Wildwood: A Journey Through Trees, Roger Deakin 2007

Not everyone will enjoy Deakin’s journey through trees, but I did.  I read it off and on over a period of months, which may be what the author intended.  It’s a meandering tale of Deakin’s travels from Suffolk, England where he resurrected an old manor house complete with moat and extensive woods to far flung parts of the world, always motivated by explorations of trees, woods, forests.  His visits to Bieszczady Woods in Poland, the Pilliga Forest in Australia, the wild apple and wild walnut forests in Kazakhstan and Kyrgyzstan, and to artists working in wood and foresters throughout the British Isles are related in often beautiful prose, dotted with strange words about wood, tools, forestry, and art.  In one sentence, I came across  spar-gads, brorch, and liggers when he was describing the gathering of hazel wood and its preparation for thatching roofs.
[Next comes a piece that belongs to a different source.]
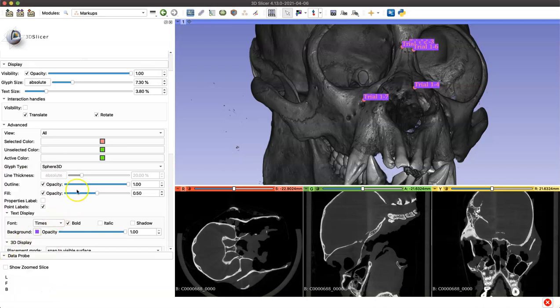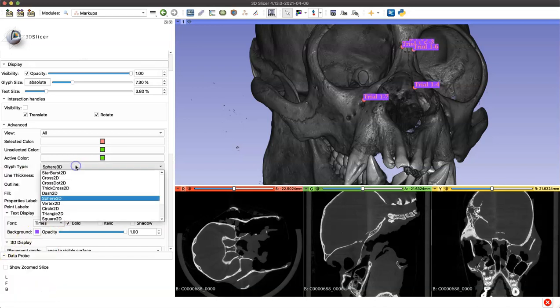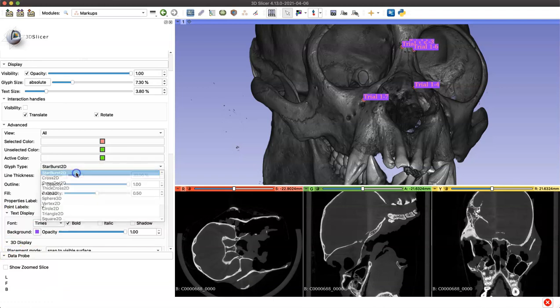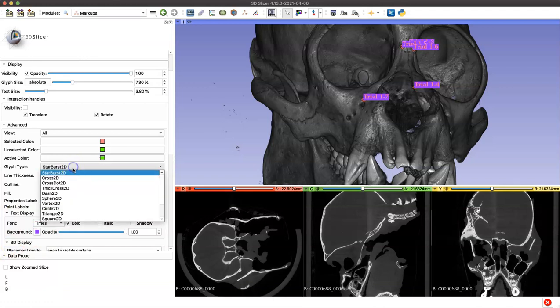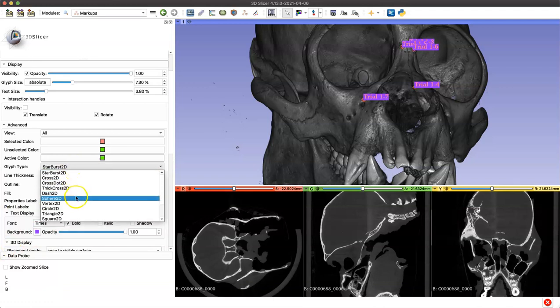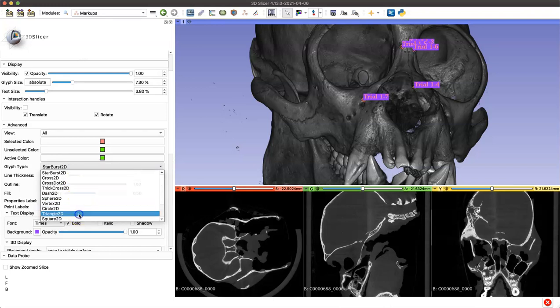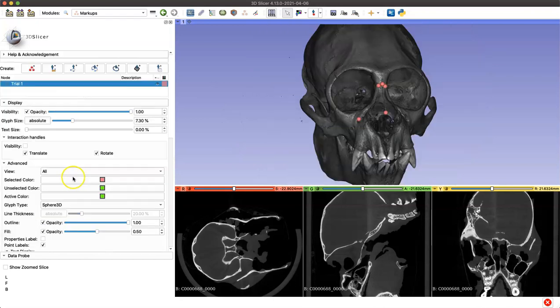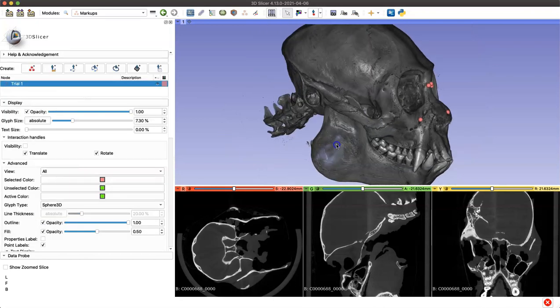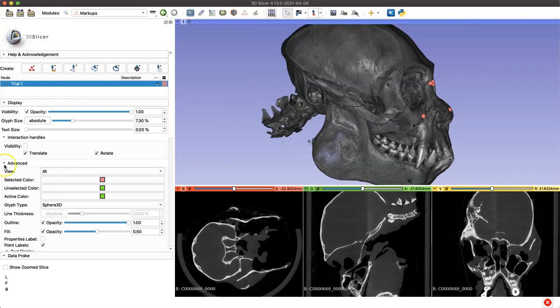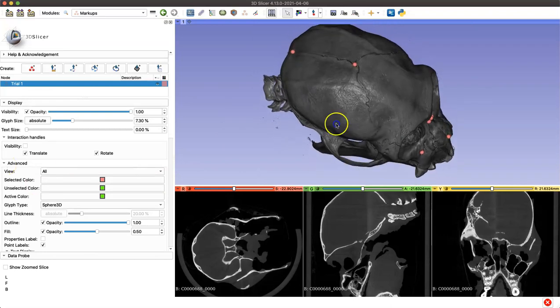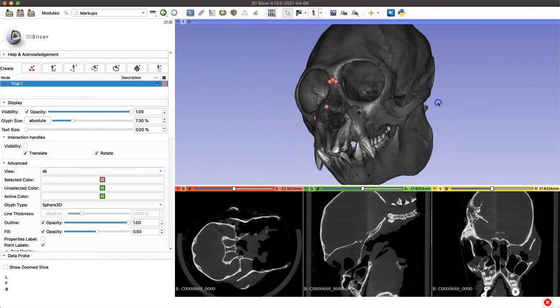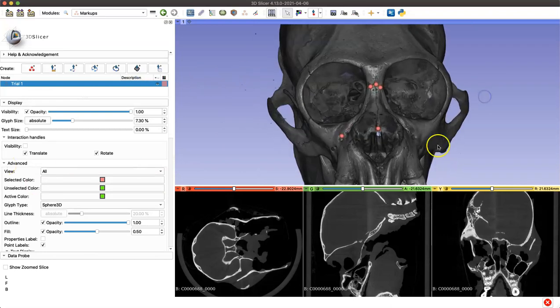You can also change the shape of your glyph, your landmark itself. Right now we have it set to 3D spheres, but you can customize it however you'd like. I'm going to reverse the changes we've made so far and just move our model into position here.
Deakin sadly died at 63 the year before this book was published, taking with him a vast repository of knowledge, experience, and wisdom.  The book can be enjoyed on so many levels—a how-to-do-it manual for pruning hedges or for thatching a roof, a travelogue to some of the most isolated parts of the world, a botanical guide book on trees and their origins, and a paean to nature.  What comes through most strongly, however, is Deakin’s ability to relate to people all over the world no matter their ethnicity, religion, or culture.  His real love for people is only met by his love for trees and the connections between these two.

Deakin is perhaps best known for his 1999 book  Waterlog in which he extols the virtues of wild swimming, i.e. swimming in rivers, lakes, moats and anywhere one finds water.  It began a craze for wild swimming that began in the UK and swept the world.  Sad that this creative and resourceful man died so young.